It was a Chicago theme celebration since our ministry-minded OS is going to Moody Bible Institute in the heart of the Windy City. As many of you who have been reading my blog have noticed, I built a Sears Tower (I refuse to call it Willis Tower) in my family room.

Each guest got a picture with Aaron in front of our own homemade indoor skyscraper and I chuckled to see small lines of families getting ready for their turn in front of the impressive structure.

And in my own way, unbeknownst to most people, I secretly invited my grandma to the party.

She had to be a part of the night and oh how Grandma loved to party. The poor woman couldn’t cook worth a darn but she was an enthusiastic and memorable party guest. Young and old alike loved it when Grace was coming over. She had a way of getting a party started as many will attest.

My orange hair freckle face OS and his great grandma. She made everyone smile.

And that’s what I did.

I took her to the party.

It was hard to do but I wore her Chicago Cubs shirt to my OS’s celebration.

It didn’t matter that it wasn’t especially flattering or that it slightly clashed with my skirt, I wanted my grandma there with me.

I also wore her high school necklace which rarely leaves me. And I ate some hot dogs. Grandma ate like a bird but loved hot dogs.

Grandma joined the celebration last night. She would have had a blast even if she had some Alzheimer’s, rarely wore her hearing aids and needed a cane. Heaven is the only thing that stopped her from making an appearance and if my grandma is with Jesus, I completely understand her not wanting to leave the ultimate celebration.

All of us, Nate is even in the picture. And I’m wearing my grandma’s Chicago Cubs t-shirt

As the night drew to a close and August 5th soon approached, more tears fell from my tired eyes.

The one year anniversary of my grandma’s passing had now arrived.

I saw my family’s facebook statuses change and their profile pictures show photos of them with Grandma.
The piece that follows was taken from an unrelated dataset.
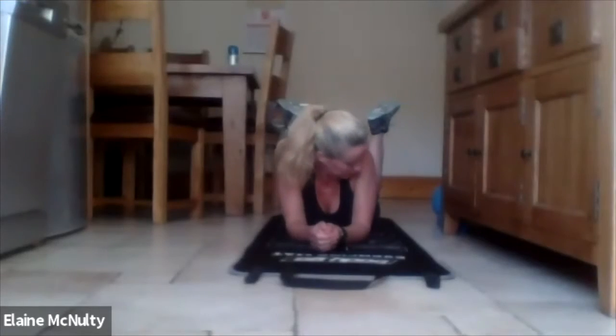Is today a push-up test or burpee test? Oh, yes it is. Are you ready? What did you get in your last one? Can you remember?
I was not alone in missing her.

And those tears mingled with the tears of joy I experienced toward my treasured OS. I can scarcely take it all in today but all is well.

I miss her.

I love her.

I will miss my boy.

How many people can say they have done the YMCA at their grandma’s 80th birthday party? And how many can say that later on in the night, they danced a conga line through their aunt’s house with that same grandma? I did both and will treasure those times forever!

I love him.

I praise the Lord for all the tears, all the people, all the kindness, all the sadness, all the memories, all the love, truly I am blessed on this most notable day.

These two people were crazy about each other.

PS. In honor of my grandma who loved to party, remember to enter my give-away for a fun party gift! I’ll draw a winner tomorrow! Leave a comment on this page if you want to be entered in.

Going to church on a sad day isn’t really easy but…


So yesterday I went to church. I would have preferred to be holed up in my house having a nice, little feel sorry for me time but I thought that would just be self-serving and non-productive. I also thought it would be a bad example for my children, one of whom was feeling as miserable as I was. 

Dark sunglasses hid my tear-stained eyes as we made our way into the church. With a wad of Kleenex in one hand, I tried to creep in quietly because I wasn’t in the mood for small talk. Honestly I don’t like banal small talk to begin with as I dislike superficial conversation and yesterday was certainly not a day for idle chit-chat.¬†

We currently attend a small, start-up church so it’s not like we walk into a sanctuary or a fancy building. Our church is actually an elementary school. There is no organ music or choir, our chairs are not pews but just folding chairs. It’s fairly modest and it’s hard to “disappear” into the crowd. ¬†
But I safely made it into the gymnasium which is where the service is held without really saying anything. Whew! My emotions were very raw and close to the surface and it was all I could do to not bawl my eyes out. Maybe some people thought I was a rock star or something because I kept the sunglasses on as I waited for church to begin. Wait a sec, is that Hannah Montana? No, it’s just Cindy the crying West Point mama! HA!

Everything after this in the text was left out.